Personal information
- Born: May 7, 1999 (age 27) Jackson, Wyoming, U.S.
- Height: 1.65 m (5 ft 5 in)

Sport
- Country: United States
- Sport: Track; Mountain running; Ski mountaineering;

= Anna Gibson =

American ski mountaineer (born 1999)

Anna Gibson (born May 7, 1999) is an American multi-sport athlete (track, mountain running, ski mountaineer). She represented the United States at the 2026 Winter Olympics.

==Early life and education==
Gibson was born to Les and Maggie Gibson, and has one older sister, Reily. She attended Jackson Hole High School where she was named the valedictorian of her class. She was a multi-sport athlete, participating in track, cross country, and Nordic skiing, and won 17 overall Wyoming state titles. During her senior year she won the Wyoming 4A state cross country title and on the track won the 800-meters, 1,600-meters, 3,200-meters, and the 4x800-meter relay. She set the Wyoming state cross country record and the state 1,600-meter record. She was subsequently named the 2017 Gatorade Wyoming Track Athlete of the Year and the Gatorade Wyoming Cross Country Runner of the Year.

She then attended the University of Washington where she ran cross country and track and field, excelling in middle-distance running. In 2024, she made the 1500 meter semifinal at the U.S. Olympic Trials.

==Career==
Gibson has had a successful mountain running career, with podium finishes in the Broken Arrow Skyrace (23 km) in 2023 and 2025 and winning Gorge Waterfalls 30 km in 2025. She finished third at the 2025 World Mountain and Trail Running Championships uphill race in 2025.

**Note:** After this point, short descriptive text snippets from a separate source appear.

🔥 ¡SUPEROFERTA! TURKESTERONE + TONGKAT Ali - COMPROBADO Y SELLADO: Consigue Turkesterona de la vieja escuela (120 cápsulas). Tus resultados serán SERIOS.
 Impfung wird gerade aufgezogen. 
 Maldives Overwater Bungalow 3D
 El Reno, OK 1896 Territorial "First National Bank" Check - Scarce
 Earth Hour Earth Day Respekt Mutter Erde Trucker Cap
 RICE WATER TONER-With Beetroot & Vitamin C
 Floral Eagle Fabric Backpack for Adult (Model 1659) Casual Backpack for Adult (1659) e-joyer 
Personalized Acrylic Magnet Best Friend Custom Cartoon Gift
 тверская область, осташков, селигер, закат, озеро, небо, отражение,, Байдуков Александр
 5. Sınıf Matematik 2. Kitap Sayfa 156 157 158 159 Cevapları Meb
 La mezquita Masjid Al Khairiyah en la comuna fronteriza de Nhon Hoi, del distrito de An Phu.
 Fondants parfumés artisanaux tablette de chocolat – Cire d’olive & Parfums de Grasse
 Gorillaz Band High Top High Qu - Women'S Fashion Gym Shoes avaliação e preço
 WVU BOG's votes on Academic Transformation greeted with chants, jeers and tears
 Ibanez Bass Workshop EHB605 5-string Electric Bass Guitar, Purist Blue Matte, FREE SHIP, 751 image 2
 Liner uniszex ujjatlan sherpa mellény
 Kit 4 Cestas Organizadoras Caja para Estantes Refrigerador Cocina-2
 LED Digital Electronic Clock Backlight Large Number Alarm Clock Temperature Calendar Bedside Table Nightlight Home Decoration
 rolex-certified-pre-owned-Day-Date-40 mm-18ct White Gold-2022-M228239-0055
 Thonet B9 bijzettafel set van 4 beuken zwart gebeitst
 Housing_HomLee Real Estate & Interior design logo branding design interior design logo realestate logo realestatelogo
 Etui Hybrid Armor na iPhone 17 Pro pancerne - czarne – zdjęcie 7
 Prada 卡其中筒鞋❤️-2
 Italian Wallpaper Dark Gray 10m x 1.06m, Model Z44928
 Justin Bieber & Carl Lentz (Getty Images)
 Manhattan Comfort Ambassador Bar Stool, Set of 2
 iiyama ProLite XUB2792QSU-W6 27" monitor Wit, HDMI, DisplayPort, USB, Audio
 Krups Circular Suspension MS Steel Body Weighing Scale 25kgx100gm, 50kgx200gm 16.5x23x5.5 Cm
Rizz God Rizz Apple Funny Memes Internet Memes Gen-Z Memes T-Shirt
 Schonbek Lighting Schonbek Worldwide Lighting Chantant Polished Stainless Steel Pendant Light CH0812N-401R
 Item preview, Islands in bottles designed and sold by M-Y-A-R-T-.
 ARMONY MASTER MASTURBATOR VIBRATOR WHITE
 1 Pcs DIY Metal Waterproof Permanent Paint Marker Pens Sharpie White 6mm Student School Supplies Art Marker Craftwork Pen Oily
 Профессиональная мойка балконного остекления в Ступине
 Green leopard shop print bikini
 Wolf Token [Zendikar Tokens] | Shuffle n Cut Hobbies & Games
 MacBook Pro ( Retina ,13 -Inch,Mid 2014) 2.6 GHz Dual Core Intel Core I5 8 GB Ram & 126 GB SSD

During the opening race of the 2025–26 ISMF Ski Mountaineering World Cup on December 6, 2025, Gibson finished in first place in the mixed relay, along with Cameron Smith. She had only began ski mountaineering six months prior to the competition. They became the first American team in World Cup history to medal in the event. With the win, they earned an Olympic quota spot and qualified to represent the United States at the 2026 Winter Olympics. Gibson and Smith finished fourth place in the mixed relay.